More than eight decades after it was installed, a memorial to the three 19th-century sibling novelists in London’s Westminster Abbey was amended Thursday to restore the diaereses – the two dots over the e in their surname.

The dots — which indicate that the name is pronounced “brontay” rather than “bront” — were omitted when the stone tablet commemorating Charlotte, Emily and Anne was erected in the abbey’s Poets’ Corner in October 1939, just after the outbreak of World War II.

They were restored after Brontë historian Sharon Wright, editor of the Brontë Society Gazette, raised the issue with Dean of Westminster David Hoyle.

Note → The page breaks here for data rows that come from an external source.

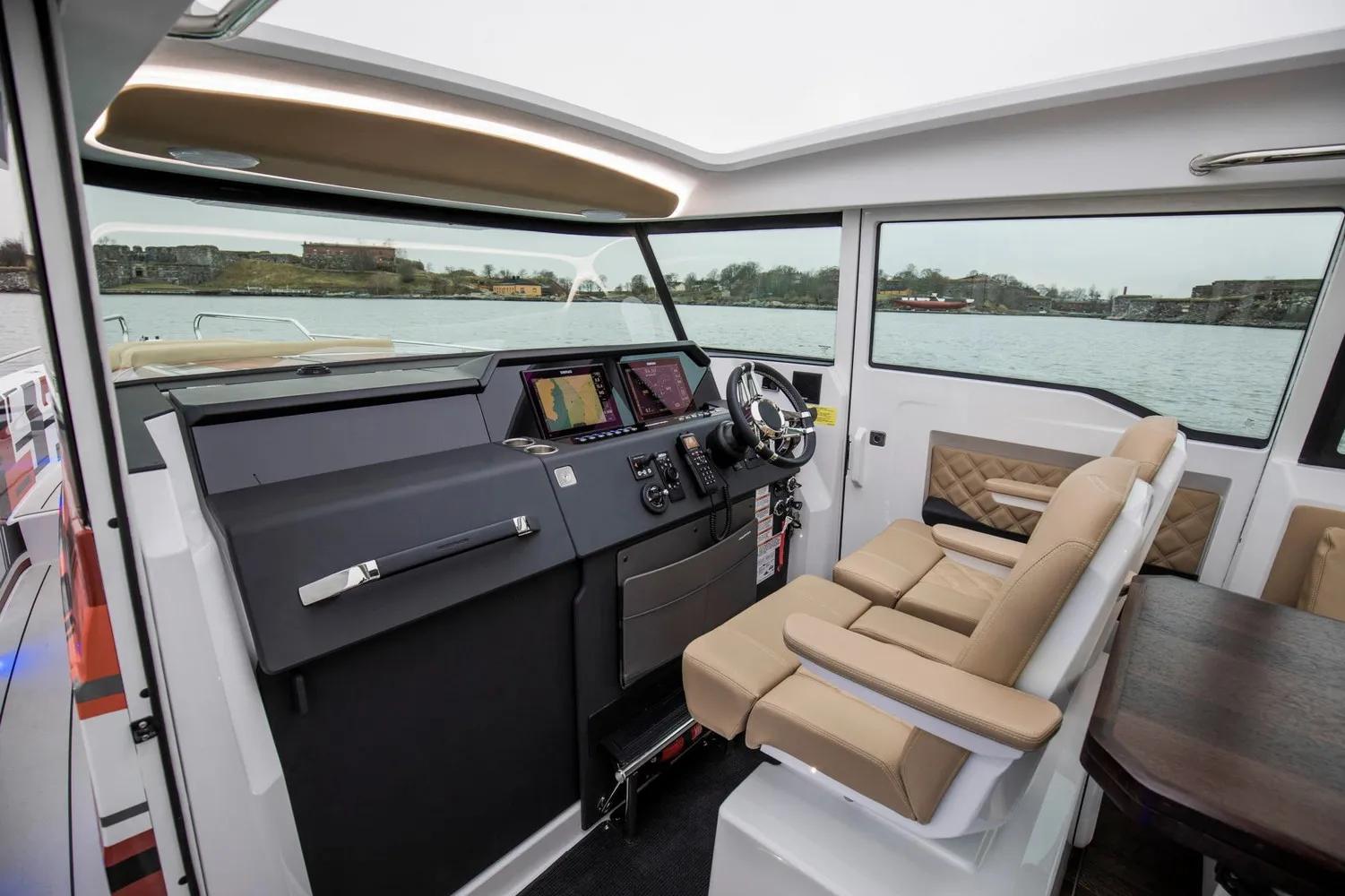 Yacht Gallery Primary 2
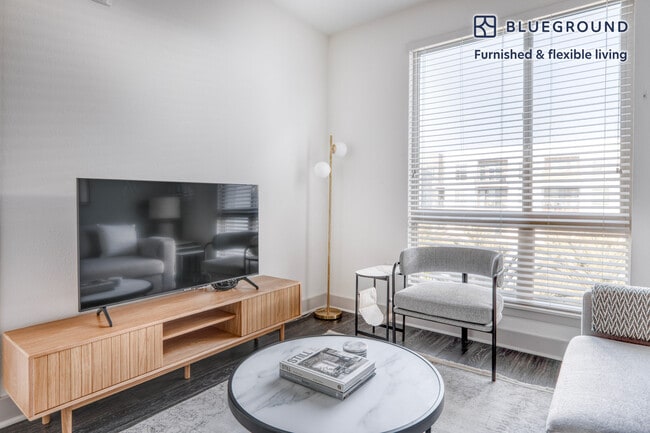 6161 Fairmount Ave Unit SI FL4-ID3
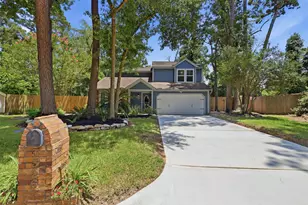3326 Creek Shadows Dr, Kingwood, TX 77339 - Photo 2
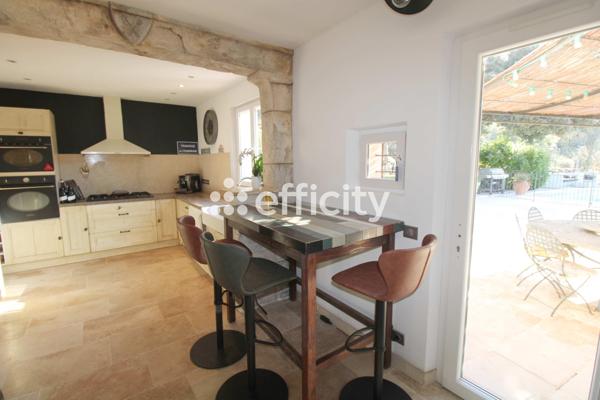 Maison 8 pièces - 238 m² Exclusivité efficity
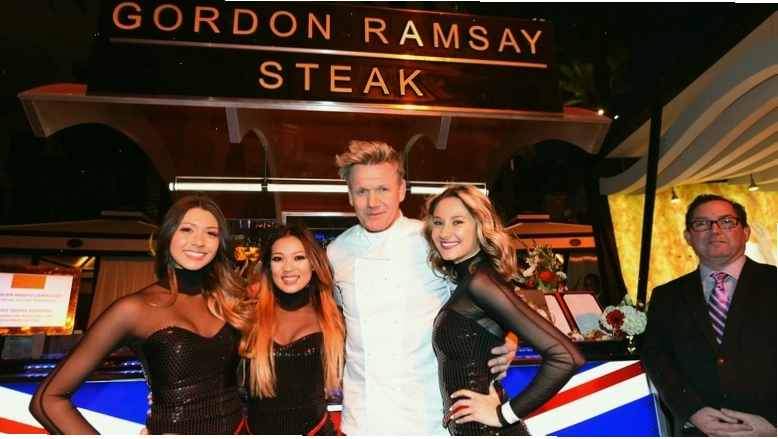 Gordon Ramsay chụp ảnh cùng người mẫu trước nhà hàng Gordon Ramsay Steak ở Las Vegas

The abbey asked its stonemason to tap in the dots and its conservator to paint them.

“There’s no paper record for anyone complaining about this or mentioning this, so I just wanted to put it right, really,” Wright said. “These three Yorkshire women deserve their place here, but they also deserve to have their name spelled correctly.”

It’s believed the writers’ Irish father Patrick changed the spelling of his surname from Brunty or Prunty when he went to university in England.

Raised on the wild Yorkshire moors, all three sisters died before they were 40, leaving enduring novels including Charlotte’s “Jane Eyre,” Emily’s “Wuthering Heights” and Anne’s “The Tenant of Wildfell Hall.”

Rebecca Yorke, director of the Brontë Society, welcomed the restoration.

“As the Brontës and their work are loved and respected all over the world, it’s entirely appropriate that their name is spelled correctly on their memorial,” she said.